PASADENA, California - The world has had its first look at the surface of the Saturnian moon Titan after pictures from the European space probe Huygens showed a possibly rocky surface with "drainage channels" for liquids.
The first picture from a height of about 16km, as Huygens descended before landing on the surface, showed what scientists said appeared to be a shoreline. They speculated the channels might feed into canyons on the surface.
"I think none of us would have expected ... this kind of unveiling, but it is pretty consistent with the surprises we've seen before," said Al Diaz, Nasa's associate administrator for science.
The US$3 billion ($4.30 billion) Cassini-Huygens mission, a joint project of Nasa and the European and Italian space agencies, was launched in 1997 from Cape Canaveral, Florida, to study Saturn, its rings, moons and magnetosphere.
In December, the Saturn explorer Cassini dropped off Huygens for a three-week journey toward Titan, culminating in the probe's parachute-slowed plunge to the moon's surface.
The photos were beamed from the European Space Agency's headquarters in Germany.
Officials there said it appeared that Huygens landed on some sort of solid surface rather than in liquid.
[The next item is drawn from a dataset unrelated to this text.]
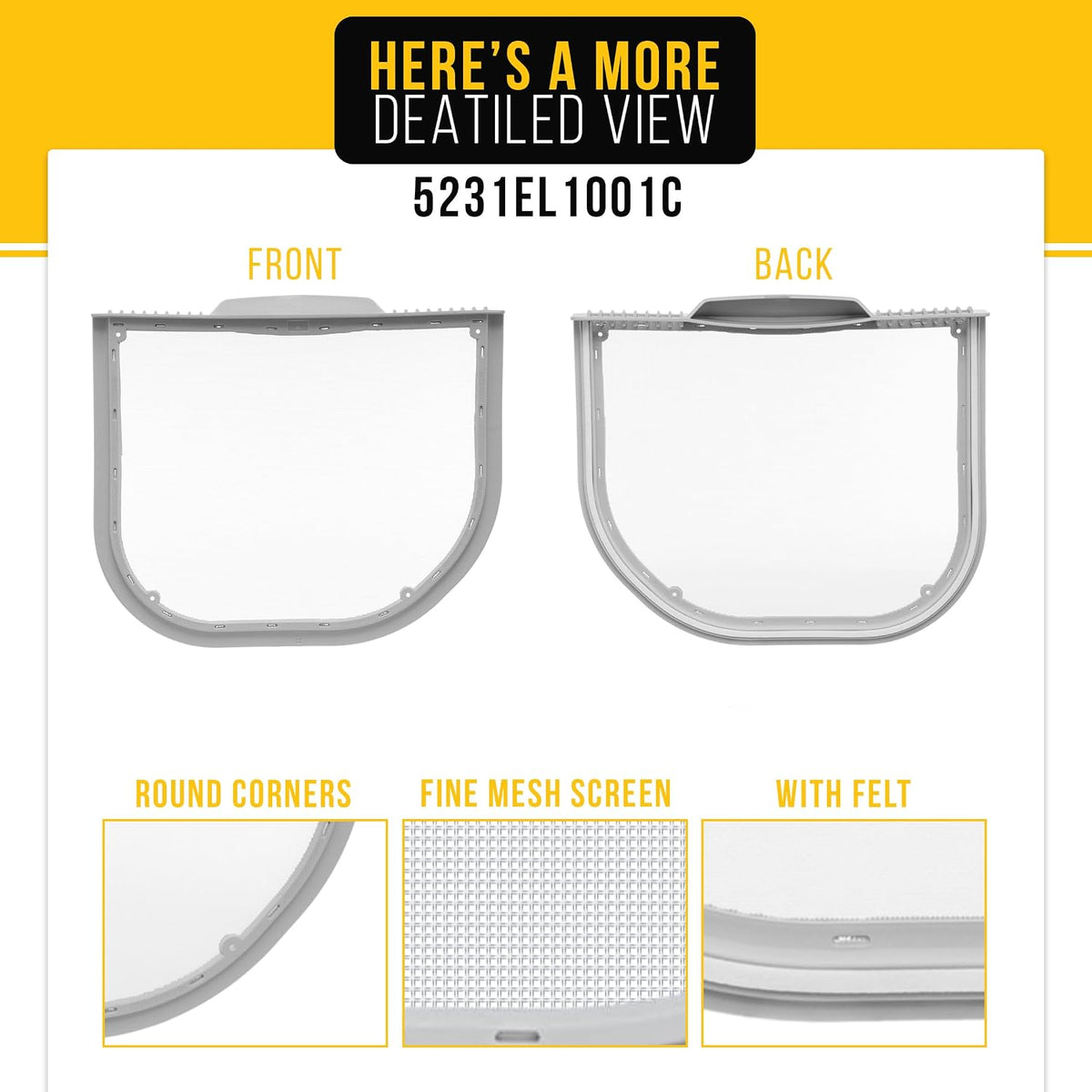 Dryer Lint Filter Screen for LG DLGX5781WE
They did not offer any speculation on where the "drainage channels" in the photo might lead or how they were formed.
Titan is believed to have liquid methane and ethane on its surface, but the moon's heavy fog blanket made it unclear what Huygens would encounter when it reached its landing site.
Scientists said there had been problems retrieving data from one wind experiment but held out hopes they could get the information from a different study.
"We can say this afternoon we have ... a scientific success," said Jean-Jacques Dordain, director-general of the European Space Agency, in a press conference from its operations centre in Germany monitored on Nasa TV.
Cassini, which acted as the relay station for Huygens, sent back signals showing it had finished retrieving and had turned toward Earth to begin transmission of a likely three hours of data.
Given the sensitive nature of the mission, the Saturn orbiter Cassini recorded the data from Huygens on four systems.
The 320kg probe made its two-hour descent through Titan's atmosphere to the surface after a seven-year journey piggybacked on Cassini and a final one-way trip of about three weeks on its own.
Scientists expect to spend years poring over the results.
"It's got to be unravelled, got to be put together and then scientists being scientists are going to argue about what it means as we piece together our place in the universe and how we came to be," said David Southwood, ESA's director of scientific programmes.
Scientists believe the organic chemical reactions taking place on Titan resemble the processes that gave rise to life on Earth 4 billion years ago. Its atmosphere is mostly nitrogen, like Earth's, but its surface temperatures of about minus 180degC make it inhospitable to life.
The saucer-shaped probe was designed to rotate on its way down, taking high-definition, panoramic images of Titan's thick, smoggy atmosphere and its landscape.
Along with its six scientific instruments that measure the components of Titan's atmosphere, Huygens carries a sound recorder and a lamp to look for signs of surface liquid.
Titan, believed to be the only moon in the solar system with an atmosphere, is larger than Mercury and Pluto.
"Huygens is the most distant controlled descent and landing ever attempted in the solar system," said Simon Green, of the Open University, at a London news conference.
"It (Titan) is a great laboratory to go searching for the past history of what happened on Earth," he added.
Some science team members monitoring the flight have waited decades to see the first of 750 planned images and other scientific readings from the yellow-skied moon.
Huygens was named for the Dutch scientist who discovered Titan in 1655, Nasa officials said.